Wind driven generator for realizing stable power output based on combination of rotary table and rotary shaft

Technical Field

The invention relates to the technical field of wind driven generators, in particular to a wind driven generator capable of realizing stable power output based on a turntable and rotating shaft combination.

Background

Wind generators can convert clean, renewable wind energy into utilizable electrical energy. The principle of wind power generation is that wind power is used for driving windmill blades to rotate, and then the rotating speed is adjusted through a transmission device and drives a generator set, so that the generator set is finally promoted to generate electricity. In the actual operation process, the wind power constantly changes, so that the rotating speed of the windmill blade also constantly changes, and further, the output power of the generator set is not stable enough. When the wind power is strong, the windmill blades rotate at a high speed and have large rotating moment, so that the output power of the generator set is relatively high; conversely, when the wind force is weak, the speed of rotation of the windmill blades is slow and the rotational moment is small, so that the output power of the generator set is relatively low.

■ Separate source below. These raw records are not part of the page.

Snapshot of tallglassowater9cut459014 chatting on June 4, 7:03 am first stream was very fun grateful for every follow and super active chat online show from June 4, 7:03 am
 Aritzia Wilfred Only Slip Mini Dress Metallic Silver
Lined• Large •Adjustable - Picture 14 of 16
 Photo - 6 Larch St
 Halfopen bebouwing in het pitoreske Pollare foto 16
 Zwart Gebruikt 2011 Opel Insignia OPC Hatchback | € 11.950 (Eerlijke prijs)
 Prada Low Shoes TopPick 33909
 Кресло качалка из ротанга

And output power's unstability makes the change volume of operating current big in the generating set, leads to the power equipment loss in the generating set easily, reduces the life of generating set. Therefore, how to design a wind driven generator for realizing stable power output based on the combination of the rotary table and the rotary shaft so that the wind driven generator can be timely adjusted in the process of wind power generation to realize the stability of the output power is a technical problem to be solved by technical personnel in the field.

Disclosure of Invention

The invention aims to overcome the defects in the prior art and provides the wind driven generator which realizes stable power output based on the combination of the rotary table and the rotary shaft, so that the wind driven generator can be timely adjusted in the wind power generation process, and the stability of the output power is realized.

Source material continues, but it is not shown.